Question

Prove that: $\sin 600{}^\circ \cos 390{}^\circ +\cos 480{}^\circ \sin 150{}^\circ =-1$.

Answer 1

Hint: For solving this problem, first converting the angle given in the problem statement in the range 0 to 90 degree by using suitable trigonometric properties. Now, we use the trigonometric table of values to prove the equivalence of both the sides.
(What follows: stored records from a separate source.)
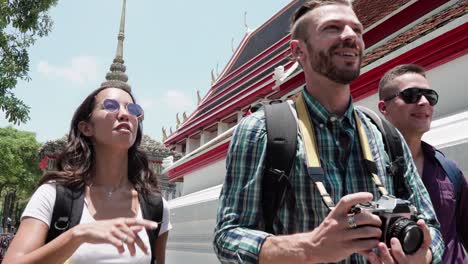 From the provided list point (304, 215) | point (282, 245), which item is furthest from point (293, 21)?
point (282, 245)

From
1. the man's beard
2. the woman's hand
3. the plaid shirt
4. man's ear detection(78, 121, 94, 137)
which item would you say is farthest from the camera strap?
man's ear detection(78, 121, 94, 137)

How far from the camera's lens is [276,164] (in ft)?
4.33

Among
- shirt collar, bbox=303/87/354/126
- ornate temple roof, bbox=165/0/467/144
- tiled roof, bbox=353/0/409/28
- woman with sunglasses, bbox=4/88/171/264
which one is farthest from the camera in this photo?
tiled roof, bbox=353/0/409/28

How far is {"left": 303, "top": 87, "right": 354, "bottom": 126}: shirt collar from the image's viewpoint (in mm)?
1462

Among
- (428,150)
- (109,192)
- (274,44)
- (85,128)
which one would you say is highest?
(274,44)

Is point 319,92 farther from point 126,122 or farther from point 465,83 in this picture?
point 465,83

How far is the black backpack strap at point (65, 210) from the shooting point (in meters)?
1.87

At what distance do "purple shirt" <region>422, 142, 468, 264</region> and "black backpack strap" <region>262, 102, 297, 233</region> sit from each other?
0.88 m

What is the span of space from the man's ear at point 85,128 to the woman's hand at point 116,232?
73 cm

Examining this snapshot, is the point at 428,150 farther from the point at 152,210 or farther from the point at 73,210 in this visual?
the point at 73,210

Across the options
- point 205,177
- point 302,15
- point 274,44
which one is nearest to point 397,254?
point 302,15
Complete step-by-step answer:
Some of the important trigonometric formulas used in solving this problem are:
\[\begin{align}
  & \sin \left( 360-\theta \right)=-\sin \theta \\
 & \cos \left( 360+\theta \right)=\cos \theta \\
 & \cos \left( 180-\theta \right)=-\cos \theta \\
 & \sin \left( 180-\theta \right)=\sin \theta \\
\end{align}\]
The specific value of functions of sin and cos can be illustrated as:
$\begin{align}
  & \sin 30{}^\circ =\dfrac{1}{2} \\
 & \sin 60{}^\circ =\dfrac{\sqrt{3}}{2} \\
 & \cos 30{}^\circ =\dfrac{\sqrt{3}}{2} \\
 & \cos 60{}^\circ =\dfrac{1}{2} \\
\end{align}$
According to the problem statement, we consider the left-hand side of the equation for proving equivalence of both sides. First, we convert the $\sin 600{}^\circ ,\cos 390{}^\circ \text{ and }\cos 480{}^\circ $ by using the formula \[\sin \left( 360-\theta \right)=-\sin \theta \ \text{ and }\cos \left( 360+\theta \right)=\cos \theta \].
$\begin{align}
  & \sin 600{}^\circ =\sin \left( 2\times 360-120 \right){}^\circ \\
 & \therefore \sin 600{}^\circ =-\sin \left( 120 \right){}^\circ \\
 & \cos 390{}^\circ =\cos \left( 360+30 \right){}^\circ \\
 & \therefore \cos 390{}^\circ =\cos \left( 30 \right){}^\circ \\
 & \cos 480{}^\circ =\cos \left( 360+120 \right){}^\circ \\
 & \therefore \cos 480{}^\circ =\cos \left( 120 \right){}^\circ \\
\end{align}$
On replacing the above obtained values in the left-hand side, the required expression reduces to: $\Rightarrow \left( -\sin 120{}^\circ \right)\left( \cos 30{}^\circ \right)+\left( \cos 120{}^\circ \right)\left( \sin 150{}^\circ \right)$
Now, we try to convert the above functions into the functions given in the form of tables having respective angles between the range of 0 to 90 in degrees. For doing so, we use the formulas \[\cos \left( 180-\theta \right)=-\cos \theta \text{ and }\sin \left( 180-\theta \right)=\sin \theta \]. Now, we get
$\begin{align}
  & \sin 120{}^\circ =\sin \left( 180-60 \right){}^\circ \\
 & \therefore \sin 120{}^\circ =\sin \left( 60 \right){}^\circ \\
 & \cos 120{}^\circ =\cos \left( 180-60 \right){}^\circ \\
 & \therefore \cos 120{}^\circ =-\cos \left( 60 \right){}^\circ \\
 & \sin 150{}^\circ =\sin \left( 180-30 \right){}^\circ \\
 & \therefore \sin 150{}^\circ =\sin \left( 30 \right){}^\circ \\
\end{align}$
On replacing the above obtained values in the left-hand side, the required expression reduces to: $\Rightarrow -\sin 60{}^\circ \cos 30{}^\circ -\cos 60{}^\circ \sin 30{}^\circ $
Now, putting the values from the table mentioned above, we get
$\begin{align}
  & \Rightarrow -\dfrac{\sqrt{3}}{2}\times \dfrac{\sqrt{3}}{2}-\dfrac{1}{2}\times \dfrac{1}{2} \\
 & \Rightarrow -\dfrac{3}{4}-\dfrac{1}{4} \\
 & \Rightarrow \dfrac{-4}{4}=-1 \\
\end{align}$
Hence, we proved the equivalence of both sides by considering the expression of the left side.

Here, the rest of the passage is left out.